Методичное сомнение он заменил методичным отрицанием и разрушением всего, что скрывает нигилизм от него самого, разрушением идолов, маскирующих смерть Бога. «Чтобы воздвигнуть новый алтарь, необходимо разрушить алтарь — таков закон». По Ницше, всякий, кто хочет быть творцом в добре и во зле, должен быть прежде всего разрушителем и сокрушителем ценностей. «Высшее зло есть часть высшего блага, но высшее благо есть творец». По сути, он создал «Рассуждение о методе» своего времени — без свободы и точности французского XVII века, которым так восхищался, зато с безумной проницательностью, характерной для века ХХ — века гениев, как он выражался. Эту методику бунта нам и надлежит исследовать.
Итак, первое, что делает Ницше, — это соглашается с тем, что ему известно. Атеизм — «конструктивный и радикальный» — для него подразумевается сам собой. Свое высшее призвание Ницше видит в том, чтобы спровоцировать нечто вроде кризиса и поставить окончательную точку в вопросе атеизма. Мир движется наугад, у него нет целеполагания. Следовательно, Бог бесполезен, ведь он ничего не хочет. Если бы он чего-то хотел, и здесь мы узнаем традиционную формулировку проблемы зла, ему пришлось бы взять на себя ответственность «за всю сумму страдания и нелогичности, которая снижает общую ценность будущего». Известно, что Ницше не скрывал своей зависти к Стендалю, сказавшему: «Единственное, что извиняет Бога, — это то, что он не существует». Лишенный божественной воли, мир одновременно лишается единства и конечной цели. Вот почему его нельзя судить. Всякое ценностное суждение о мире в конечном итоге приводит к клевете на жизнь. Мы судим то, что есть, с позиции того, что должно быть, — царства небесного, вечных идей или нравственного императива. Но того, что должно быть, нет, и нельзя судить мир во имя ничто. «Вот преимущества нашего времени: ничто не истинно, и все позволено». Этих формул, находящих отражение в тысяче других, пафосных или ироничных, в любом случае достаточно, чтобы доказать, что Ницше согласен нести весь груз, налагаемый нигилизмом и бунтом. В своих рассуждениях о «дрессировке и отборе», звучащих, впрочем, ребячески, он даже сформулировал крайнюю логику нигилистической аргументации: «Проблема: какими средствами достижима строгая форма великого заразительного нигилизма, который вполне научно проповедовал бы и практиковал добровольную смерть?»

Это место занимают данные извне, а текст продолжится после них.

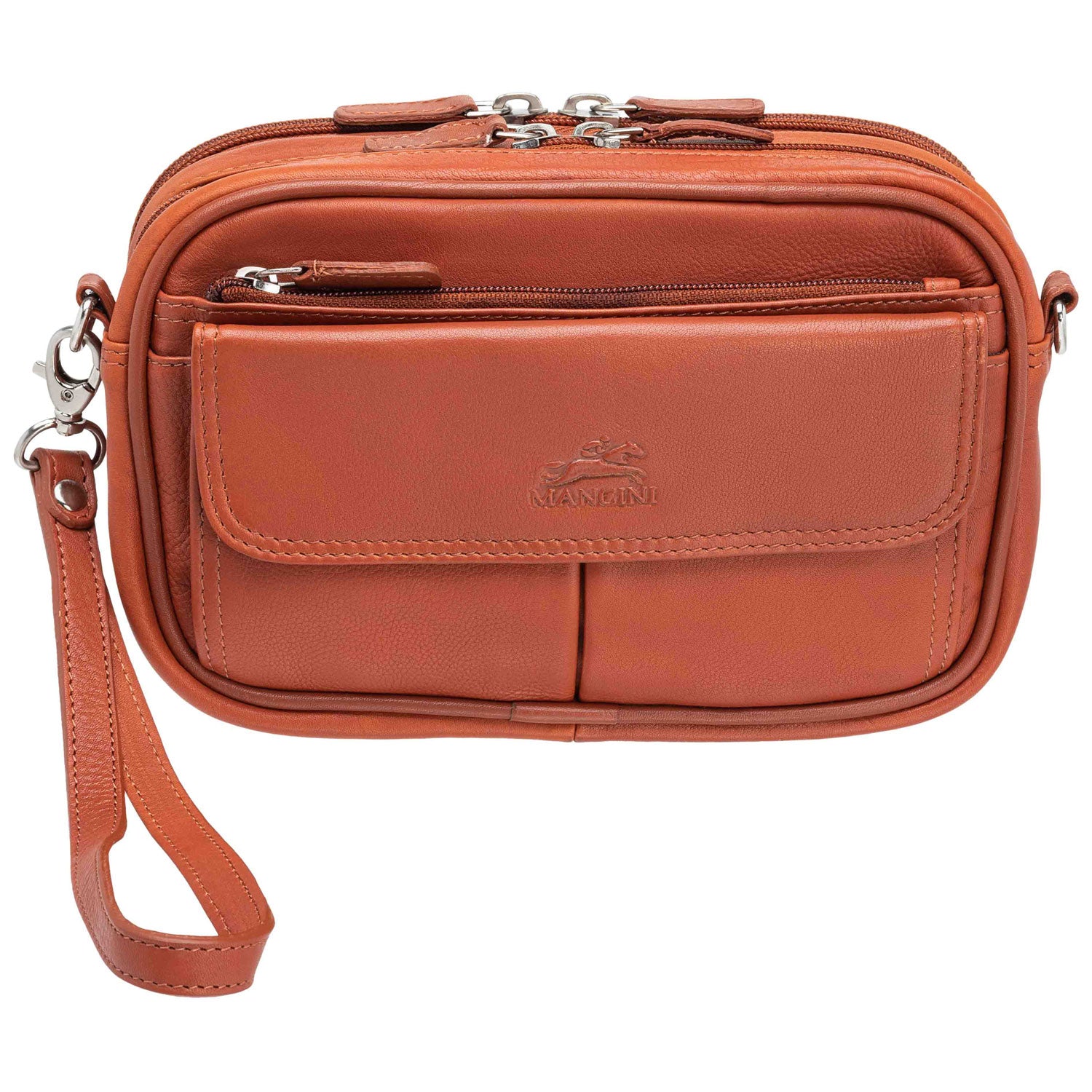 Mancini Leather Compact Unisex Bag, 8" x 3" x 5.5", Cognac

Но Ницше колонизировал в пользу нигилизма ценности, которые традиционно рассматривались как помеха нигилизму. Главным образом это мораль. Моральное поведение, пример которого дает Сократ или рекомендует христианство, само по себе является признаком декаданса. Оно хочет заместить человека из плоти из крови отраженным человеком. Оно осуждает мир страстей и криков во имя гармоничного и целиком выдуманного мира. Если нигилизм — это бессилие веры, тогда самый яркий его симптом мы находим не в атеизме, а в невозможности уверовать в то, что есть, увидеть то, что происходит, и пережить то, что нам дано. Этот недуг лежит в основе всякого идеализма. Мораль не верит в мир. Истинная мораль, по Ницше, неотделима от проницательности. Он строго судит «клеветников на мир» потому, что ощущает в этой клевете постыдный привкус бегства. Для него традиционная мораль — лишь частный случай бессмертия. «Именно добро, — говорит он, — нуждается в оправдании». И добавляет: «Именно по моральным соображениям однажды перестанут делать добро».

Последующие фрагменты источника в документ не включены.